ASSIGNED TASK |
Everything in the records should be repeated exactly, down to the last character.
---*---
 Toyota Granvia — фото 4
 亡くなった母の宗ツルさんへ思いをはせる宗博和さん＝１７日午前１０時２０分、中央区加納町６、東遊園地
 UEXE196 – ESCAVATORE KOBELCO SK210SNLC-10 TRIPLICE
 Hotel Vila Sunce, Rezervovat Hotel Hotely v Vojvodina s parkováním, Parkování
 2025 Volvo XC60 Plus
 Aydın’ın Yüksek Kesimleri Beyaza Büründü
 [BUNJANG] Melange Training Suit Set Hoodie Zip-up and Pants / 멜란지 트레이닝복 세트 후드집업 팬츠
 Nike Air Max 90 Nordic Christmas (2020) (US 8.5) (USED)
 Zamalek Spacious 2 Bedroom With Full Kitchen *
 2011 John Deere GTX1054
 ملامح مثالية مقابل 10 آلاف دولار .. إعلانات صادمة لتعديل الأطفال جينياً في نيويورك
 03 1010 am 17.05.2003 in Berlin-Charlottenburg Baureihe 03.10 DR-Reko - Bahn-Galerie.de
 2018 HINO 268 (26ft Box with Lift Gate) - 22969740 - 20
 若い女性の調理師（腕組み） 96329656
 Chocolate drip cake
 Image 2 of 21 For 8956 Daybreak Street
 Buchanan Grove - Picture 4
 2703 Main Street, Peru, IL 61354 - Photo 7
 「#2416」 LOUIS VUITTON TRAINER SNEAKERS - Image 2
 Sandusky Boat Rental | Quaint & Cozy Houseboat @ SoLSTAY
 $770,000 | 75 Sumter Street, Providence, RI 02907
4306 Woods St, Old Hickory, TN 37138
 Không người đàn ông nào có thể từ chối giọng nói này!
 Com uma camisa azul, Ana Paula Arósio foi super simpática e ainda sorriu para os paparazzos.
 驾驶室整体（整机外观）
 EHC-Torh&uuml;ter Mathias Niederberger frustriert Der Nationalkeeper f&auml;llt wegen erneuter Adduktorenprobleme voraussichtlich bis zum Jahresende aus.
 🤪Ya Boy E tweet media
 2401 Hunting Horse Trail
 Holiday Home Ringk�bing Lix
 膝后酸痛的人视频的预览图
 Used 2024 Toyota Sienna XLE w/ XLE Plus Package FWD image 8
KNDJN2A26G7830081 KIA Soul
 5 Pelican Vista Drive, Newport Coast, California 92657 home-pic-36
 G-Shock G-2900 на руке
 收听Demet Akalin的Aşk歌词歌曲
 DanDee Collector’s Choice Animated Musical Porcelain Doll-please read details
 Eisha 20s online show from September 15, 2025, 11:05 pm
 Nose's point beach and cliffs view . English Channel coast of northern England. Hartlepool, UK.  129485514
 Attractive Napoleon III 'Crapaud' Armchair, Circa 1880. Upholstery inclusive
---*---
SOLUTION TO THIS TASK |
 Toyota Granvia — фото 4
 亡くなった母の宗ツルさんへ思いをはせる宗博和さん＝１７日午前１０時２０分、中央区加納町６、東遊園地
 UEXE196 – ESCAVATORE KOBELCO SK210SNLC-10 TRIPLICE
 Hotel Vila Sunce, Rezervovat Hotel Hotely v Vojvodina s parkováním, Parkování
 2025 Volvo XC60 Plus
 Aydın’ın Yüksek Kesimleri Beyaza Büründü
 [BUNJANG] Melange Training Suit Set Hoodie Zip-up and Pants / 멜란지 트레이닝복 세트 후드집업 팬츠
 Nike Air Max 90 Nordic Christmas (2020) (US 8.5) (USED)
 Zamalek Spacious 2 Bedroom With Full Kitchen *
 2011 John Deere GTX1054
 ملامح مثالية مقابل 10 آلاف دولار .. إعلانات صادمة لتعديل الأطفال جينياً في نيويورك
 03 1010 am 17.05.2003 in Berlin-Charlottenburg Baureihe 03.10 DR-Reko - Bahn-Galerie.de
 2018 HINO 268 (26ft Box with Lift Gate) - 22969740 - 20
 若い女性の調理師（腕組み） 96329656
 Chocolate drip cake
 Image 2 of 21 For 8956 Daybreak Street
 Buchanan Grove - Picture 4
 2703 Main Street, Peru, IL 61354 - Photo 7
 「#2416」 LOUIS VUITTON TRAINER SNEAKERS - Image 2
 Sandusky Boat Rental | Quaint & Cozy Houseboat @ SoLSTAY
 $770,000 | 75 Sumter Street, Providence, RI 02907
4306 Woods St, Old Hickory, TN 37138
 Không người đàn ông nào có thể từ chối giọng nói này!
 Com uma camisa azul, Ana Paula Arósio foi super simpática e ainda sorriu para os paparazzos.
 驾驶室整体（整机外观）
 EHC-Torh&uuml;ter Mathias Niederberger frustriert Der Nationalkeeper f&auml;llt wegen erneuter Adduktorenprobleme voraussichtlich bis zum Jahresende aus.
 🤪Ya Boy E tweet media
 2401 Hunting Horse Trail
 Holiday Home Ringk�bing Lix
 膝后酸痛的人视频的预览图
 Used 2024 Toyota Sienna XLE w/ XLE Plus Package FWD image 8
KNDJN2A26G7830081 KIA Soul
 5 Pelican Vista Drive, Newport Coast, California 92657 home-pic-36
 G-Shock G-2900 на руке
 收听Demet Akalin的Aşk歌词歌曲
 DanDee Collector’s Choice Animated Musical Porcelain Doll-please read details
 Eisha 20s online show from September 15, 2025, 11:05 pm
 Nose's point beach and cliffs view . English Channel coast of northern England. Hartlepool, UK.  129485514
 Attractive Napoleon III 'Crapaud' Armchair, Circa 1880. Upholstery inclusive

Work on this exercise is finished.